Mesenchymal stem cells (MSCs) are multipotent stromal cells, which are being actively assessed in cell-based therapy clinical trials. MSCs have the capacity to promote angiogenesis, differentiate and they possess immunomodulatory properties. MSCs have been widely tested in preclinical studies. Clinical trials have shown promising results for MSCs when applied to treat numerous diseases, such as cardiovascular diseases, brain and spinal cord injury, stroke, diabetes, cartilage and bone injury, Crohn's disease and graft versus host disease (GvHD). In addition, the immunomodulatory effects of MSCs have been demonstrated in several conditions characterized by inflammation. However, a number of late-stage clinical trials have failed to meet primary endpoints and the fate of MSCs following systemic infusion is largely unknown. MSCs can be isolated from different tissues, such as bone marrow, peripheral blood, placenta, umbilical cord and adipose. The efficacy of treatment with MSCs sourced from different tissues and cell availability from each source must be tested for each disorder. In some cases, no difference in efficacy of a specific MSC source was found.

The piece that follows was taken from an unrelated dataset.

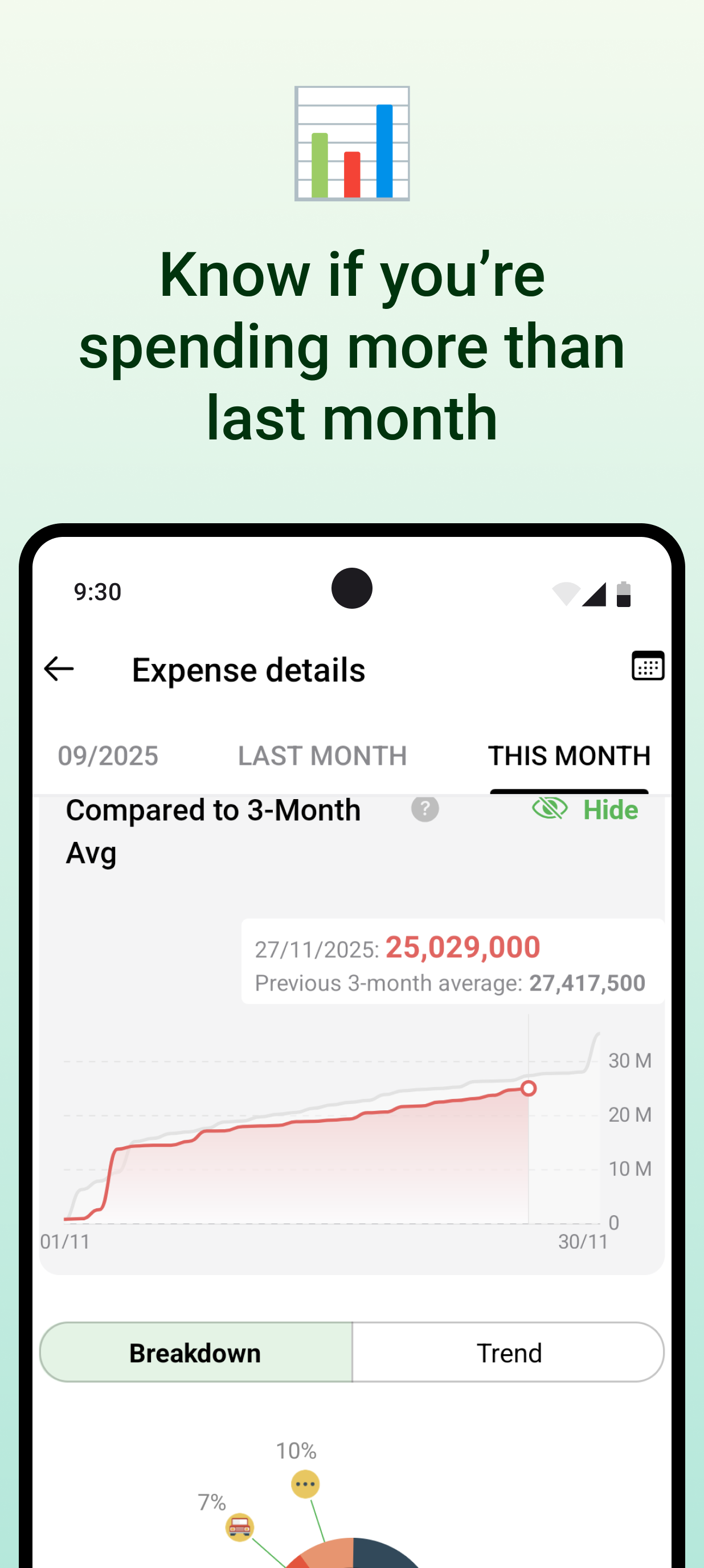 اسکرین شات 2 برنامه Money Lover - Money Manager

More in-depth studies are required to determine if certain MSC sources are more beneficial in specific diseases and if their therapeutic effectiveness and safety profiles are similar.
Mesenchymal stem cells (MSCs) are advantageous over other stem cell benefits for a variety of reasons. First, they avoid the ethical issues that surround the embryonic stem cell research.
Second, repeated studies have found MSCs to be immuno-privileged, which make them an advantageous cell type for allogeneic transplantation. MSCs reduce both the risks of rejection and complications of transplantation.
MSCs are a well-characterized population of adult stem cells, with over 36,000 scientific articles published about them.
MSCs avoid the ethical issues of embryonic stem cells, as they can be derived from sources that include adult bone marrow and adipose tissue.
MSCs can form a variety of cell types in the laboratory, including those of both intra- and extra-mesenchymal lineages. These cell types include fat (adipocytes), bone (osteoblasts), skin (dermal cells), nerve (neural cells), cartilage (chondrocytes), muscle (skeletal myocytes), tendons (tenocytes), marrow stroma, and ligaments.
Advanced knowledge exists for how to grow MSCs in culture, including protocols for isolation, expansion, and differentiation.
MSCs can be grown and propagated in culture for extended periods, without losing differentiation potential.
Unlike many other types of adult stem cells, MSCs can be acquired in the quantities required for clinical applications, as knowledge exists for how to culture the cell type in 3D bioreactors. It is understood that reduced oxygen conditions, along with available nutrients, assist MSC expansion under bioreactor conditions.
MSCs synthesize and secrete a variety of macromolecules that are known regulators of hematopoietic and bone-resorbing cells.
MSCs can take up exogenous DNA and keep introduced genes, an attribute that may allow the use of the cells in the therapeutic delivery of molecules to target regions of the body.
MSCs lack the co-stimulatory molecules of the B7 family that are required to initiate an immune response. This allows the administration of MSC preparations across MHC barriers without concern for immunological rejection or the need for immunosuppression, making MSCs a universal stem cells source.
Currently, dozens of research supply companies offer MSC-based products, making research tools for this cell type easily accessible.